Please repeat the lines below exactly. Begin with the line containing "King Tutankhamun Cartouche" and go on through the line containing "Liz Claiborne Floral".
● ● ●
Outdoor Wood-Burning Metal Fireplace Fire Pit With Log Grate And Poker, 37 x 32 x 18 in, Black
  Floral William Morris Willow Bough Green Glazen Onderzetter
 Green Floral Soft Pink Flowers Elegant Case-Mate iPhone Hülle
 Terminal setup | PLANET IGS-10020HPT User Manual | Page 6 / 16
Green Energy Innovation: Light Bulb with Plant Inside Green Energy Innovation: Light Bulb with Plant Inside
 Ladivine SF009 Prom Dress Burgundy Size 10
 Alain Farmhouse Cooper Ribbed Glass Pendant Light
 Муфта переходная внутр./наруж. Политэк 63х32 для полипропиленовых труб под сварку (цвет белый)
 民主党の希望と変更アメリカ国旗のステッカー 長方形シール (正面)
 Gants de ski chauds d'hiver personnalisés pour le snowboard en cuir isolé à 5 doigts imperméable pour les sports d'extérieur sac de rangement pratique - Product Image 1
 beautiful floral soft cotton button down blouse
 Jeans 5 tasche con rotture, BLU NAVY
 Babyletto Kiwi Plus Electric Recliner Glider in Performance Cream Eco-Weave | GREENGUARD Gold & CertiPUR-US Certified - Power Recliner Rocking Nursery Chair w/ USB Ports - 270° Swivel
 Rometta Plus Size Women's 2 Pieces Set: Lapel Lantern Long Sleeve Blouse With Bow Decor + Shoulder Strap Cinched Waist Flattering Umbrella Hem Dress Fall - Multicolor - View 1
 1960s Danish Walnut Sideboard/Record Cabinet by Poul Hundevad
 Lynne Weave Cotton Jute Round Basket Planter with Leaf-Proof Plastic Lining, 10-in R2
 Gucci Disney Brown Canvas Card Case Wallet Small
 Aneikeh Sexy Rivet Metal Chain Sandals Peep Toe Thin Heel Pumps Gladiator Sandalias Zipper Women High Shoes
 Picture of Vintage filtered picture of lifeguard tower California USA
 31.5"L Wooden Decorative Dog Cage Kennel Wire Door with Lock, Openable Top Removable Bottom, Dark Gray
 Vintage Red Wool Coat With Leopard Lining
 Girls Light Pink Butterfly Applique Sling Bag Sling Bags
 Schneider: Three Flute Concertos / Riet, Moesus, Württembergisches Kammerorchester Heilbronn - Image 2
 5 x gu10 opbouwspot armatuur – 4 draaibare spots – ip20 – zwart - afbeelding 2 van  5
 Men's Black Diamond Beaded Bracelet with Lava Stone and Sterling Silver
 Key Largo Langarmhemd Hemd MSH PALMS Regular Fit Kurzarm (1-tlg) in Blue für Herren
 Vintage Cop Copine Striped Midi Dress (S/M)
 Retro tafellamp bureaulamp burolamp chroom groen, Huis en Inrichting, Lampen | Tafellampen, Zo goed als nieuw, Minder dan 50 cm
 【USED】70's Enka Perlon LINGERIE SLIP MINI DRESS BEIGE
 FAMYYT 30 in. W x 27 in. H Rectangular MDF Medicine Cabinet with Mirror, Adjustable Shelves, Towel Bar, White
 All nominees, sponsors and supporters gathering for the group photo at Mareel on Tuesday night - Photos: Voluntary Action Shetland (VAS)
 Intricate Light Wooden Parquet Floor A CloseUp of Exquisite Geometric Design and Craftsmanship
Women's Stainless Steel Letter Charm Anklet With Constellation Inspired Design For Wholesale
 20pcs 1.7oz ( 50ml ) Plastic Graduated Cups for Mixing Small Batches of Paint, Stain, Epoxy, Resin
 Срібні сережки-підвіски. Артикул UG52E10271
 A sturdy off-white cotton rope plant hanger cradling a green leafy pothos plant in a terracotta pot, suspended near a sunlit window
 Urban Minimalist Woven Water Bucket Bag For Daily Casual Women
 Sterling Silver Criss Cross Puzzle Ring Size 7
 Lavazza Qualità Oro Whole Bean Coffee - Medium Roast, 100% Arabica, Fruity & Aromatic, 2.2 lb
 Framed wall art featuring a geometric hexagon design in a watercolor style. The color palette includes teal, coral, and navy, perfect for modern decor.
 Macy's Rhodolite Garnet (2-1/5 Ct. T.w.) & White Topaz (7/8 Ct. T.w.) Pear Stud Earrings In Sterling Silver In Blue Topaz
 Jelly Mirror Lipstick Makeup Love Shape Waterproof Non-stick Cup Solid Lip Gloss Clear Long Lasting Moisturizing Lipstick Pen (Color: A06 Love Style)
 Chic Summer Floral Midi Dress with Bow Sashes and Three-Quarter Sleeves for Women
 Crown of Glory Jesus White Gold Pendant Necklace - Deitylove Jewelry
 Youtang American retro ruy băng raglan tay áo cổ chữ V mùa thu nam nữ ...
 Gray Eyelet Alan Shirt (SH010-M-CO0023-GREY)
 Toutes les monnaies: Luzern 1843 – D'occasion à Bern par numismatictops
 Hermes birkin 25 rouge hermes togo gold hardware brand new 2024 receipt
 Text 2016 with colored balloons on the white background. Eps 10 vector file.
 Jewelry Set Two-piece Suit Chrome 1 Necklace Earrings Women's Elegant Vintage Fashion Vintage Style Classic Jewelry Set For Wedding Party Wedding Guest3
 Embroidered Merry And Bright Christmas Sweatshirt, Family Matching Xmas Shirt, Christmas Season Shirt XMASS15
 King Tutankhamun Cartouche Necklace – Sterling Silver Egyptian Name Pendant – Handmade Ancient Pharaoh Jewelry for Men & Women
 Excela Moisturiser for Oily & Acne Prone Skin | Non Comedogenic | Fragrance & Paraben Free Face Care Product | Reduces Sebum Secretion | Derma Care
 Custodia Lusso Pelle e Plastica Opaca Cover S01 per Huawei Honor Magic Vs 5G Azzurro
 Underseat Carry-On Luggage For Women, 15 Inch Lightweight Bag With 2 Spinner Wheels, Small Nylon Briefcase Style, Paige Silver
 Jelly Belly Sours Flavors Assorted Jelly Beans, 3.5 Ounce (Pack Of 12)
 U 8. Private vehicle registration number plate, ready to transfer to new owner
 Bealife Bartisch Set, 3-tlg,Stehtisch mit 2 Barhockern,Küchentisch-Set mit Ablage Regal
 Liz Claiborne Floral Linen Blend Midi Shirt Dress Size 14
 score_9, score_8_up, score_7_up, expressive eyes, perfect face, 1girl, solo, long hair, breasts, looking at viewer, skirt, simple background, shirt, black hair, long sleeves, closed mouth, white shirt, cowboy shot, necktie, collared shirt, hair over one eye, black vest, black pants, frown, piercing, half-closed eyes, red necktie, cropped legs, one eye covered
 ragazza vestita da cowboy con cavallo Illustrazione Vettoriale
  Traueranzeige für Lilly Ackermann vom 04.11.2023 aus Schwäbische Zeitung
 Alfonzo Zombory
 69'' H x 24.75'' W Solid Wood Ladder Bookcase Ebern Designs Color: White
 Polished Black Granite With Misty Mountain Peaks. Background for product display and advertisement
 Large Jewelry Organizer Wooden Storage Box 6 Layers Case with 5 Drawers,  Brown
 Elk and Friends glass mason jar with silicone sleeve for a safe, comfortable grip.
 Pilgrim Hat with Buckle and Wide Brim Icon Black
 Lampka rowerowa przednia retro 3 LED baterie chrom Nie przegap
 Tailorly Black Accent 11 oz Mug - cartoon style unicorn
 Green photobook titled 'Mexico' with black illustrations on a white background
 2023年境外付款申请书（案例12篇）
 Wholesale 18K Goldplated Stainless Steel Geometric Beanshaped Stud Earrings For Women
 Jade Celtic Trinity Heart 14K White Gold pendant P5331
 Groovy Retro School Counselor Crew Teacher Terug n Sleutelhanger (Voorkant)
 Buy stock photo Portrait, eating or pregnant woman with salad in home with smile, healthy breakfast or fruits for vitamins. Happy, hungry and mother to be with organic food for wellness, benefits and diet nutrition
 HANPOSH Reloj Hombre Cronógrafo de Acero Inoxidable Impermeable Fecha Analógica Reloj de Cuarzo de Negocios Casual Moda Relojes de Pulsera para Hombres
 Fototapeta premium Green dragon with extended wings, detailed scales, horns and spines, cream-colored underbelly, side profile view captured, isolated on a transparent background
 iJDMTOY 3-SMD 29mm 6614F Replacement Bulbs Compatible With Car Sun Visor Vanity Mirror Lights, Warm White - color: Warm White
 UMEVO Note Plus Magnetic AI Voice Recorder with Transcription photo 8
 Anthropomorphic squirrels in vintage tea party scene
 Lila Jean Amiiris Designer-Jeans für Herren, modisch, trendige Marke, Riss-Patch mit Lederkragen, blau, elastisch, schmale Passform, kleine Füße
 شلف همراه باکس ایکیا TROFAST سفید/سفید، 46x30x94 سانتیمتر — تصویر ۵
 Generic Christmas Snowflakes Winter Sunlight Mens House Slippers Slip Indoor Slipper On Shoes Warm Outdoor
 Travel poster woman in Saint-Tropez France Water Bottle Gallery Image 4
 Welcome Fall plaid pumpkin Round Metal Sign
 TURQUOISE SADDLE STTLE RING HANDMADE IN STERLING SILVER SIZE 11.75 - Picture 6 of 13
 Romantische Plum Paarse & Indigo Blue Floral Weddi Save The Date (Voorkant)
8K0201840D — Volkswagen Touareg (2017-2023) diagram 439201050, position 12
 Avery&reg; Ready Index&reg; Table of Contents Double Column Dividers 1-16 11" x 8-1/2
● ● ●
**Answer box:**
 King Tutankhamun Cartouche Necklace – Sterling Silver Egyptian Name Pendant – Handmade Ancient Pharaoh Jewelry for Men & Women
 Excela Moisturiser for Oily & Acne Prone Skin | Non Comedogenic | Fragrance & Paraben Free Face Care Product | Reduces Sebum Secretion | Derma Care
 Custodia Lusso Pelle e Plastica Opaca Cover S01 per Huawei Honor Magic Vs 5G Azzurro
 Underseat Carry-On Luggage For Women, 15 Inch Lightweight Bag With 2 Spinner Wheels, Small Nylon Briefcase Style, Paige Silver
 Jelly Belly Sours Flavors Assorted Jelly Beans, 3.5 Ounce (Pack Of 12)
 U 8. Private vehicle registration number plate, ready to transfer to new owner
 Bealife Bartisch Set, 3-tlg,Stehtisch mit 2 Barhockern,Küchentisch-Set mit Ablage Regal
 Liz Claiborne Floral Linen Blend Midi Shirt Dress Size 14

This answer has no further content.